Charles Henry Pace was a Black gospel composer and publisher.
Charles Henry Pace (1886–1963) was an influential composer and publisher of Black gospel music, first in Chicago, Illinois, and then in Pittsburgh, Pennsylvania. Charles was born in Atlanta, Georgia, and his family moved north when he was young, eventually settling in Chicago in 1899. He studied trumpet and piano as a child, and his professional career began in 1910 when he played in a band in Benton Harbor, Michigan, and started a publishing company, Pace Music House, in Chicago. Around 1915 he began working as an arranger for Chicago-based Lillian M. Bowles, an early publisher of African American sacred music. He became choir director at Beth Eden Baptist Church in the Morgan Park neighborhood of Chicago in the mid-1920s.
Drawing from the membership of the church choir, he assembled the Pace Jubilee Singers, which ranged from seven to ten musicians and was briefly accompanied by Thomas Dorsey. The group performed on WGN, WLS, and WBCN and recorded over ninety sides for Victor, Brunswick, and other labels. As some of the first recordings made of this repertory, they influenced many later artists. Around 1934 he stopped working for Bowles and began working at Liberty Baptist Church. Also around this time he married Frankie (born Frances Scott in 1905 in Clinton, Louisiana), and together they established the Old Ship of Zion publishing company.
In 1936 Reverend A. W. Nix invited Charles to serve as music director at Tabernacle Baptist Church in the North Side neighborhood of Pittsburgh. After arriving in Pittsburgh, the Paces quickly started the Pace Choral Union, a gospel choir of twenty-five singers that was enlarged to as many as 300 singers for special performances. The Paces moved Old Ship of Zion to Pittsburgh, establishing a store and office on Centre Avenue in the Hill District. The store was an important community meeting place and hub for visiting musicians, including Louis Armstrong and W. C. Handy. Since gospel was not supported by major publishing companies, the Paces published their own music and distributed it through a nationwide network of Black-owned music stores, helping establish the infrastructure that facilitated the growth of the gospel industry.

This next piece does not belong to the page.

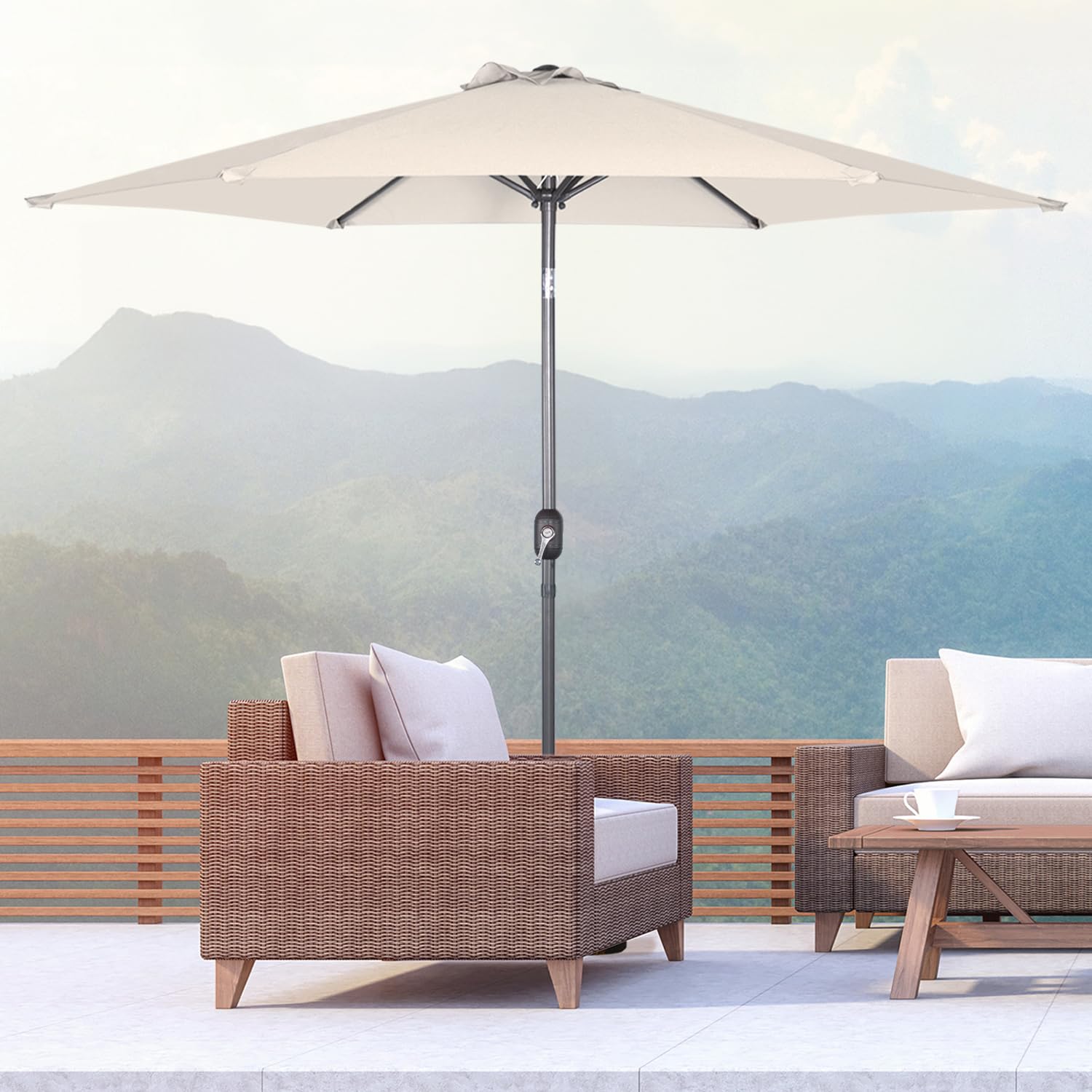 Angel Living 300cm Parasol de Acero con Inclinación, con Manivela, Sombrilla con Mástil de Acero de 38mm para Patio Terraza Playa (Beige Claro)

In 1952 the publishing company was rebranded as Charles H. Pace Music Publishers. Charles grew ill in 1959, and Frankie assumed full business responsibilities. When Charles died in 1963, she changed the name of the store to Pace’s Music Store. The store and the Paces’ musical careers were integral components of their community work and activism. Frankie was especially politically active, taking a leadership role in many organizations. She was president of the Hill District Homeowners and Tenants Association, president of Citizens for Hill District Renewal, and a board member on the Mayor’s Committee on Human Resources, Urban League for Pittsburgh, Opportunities Industrialization Center, Allegheny Housing Rehabilitation Corporation, and NAACP of Pittsburgh.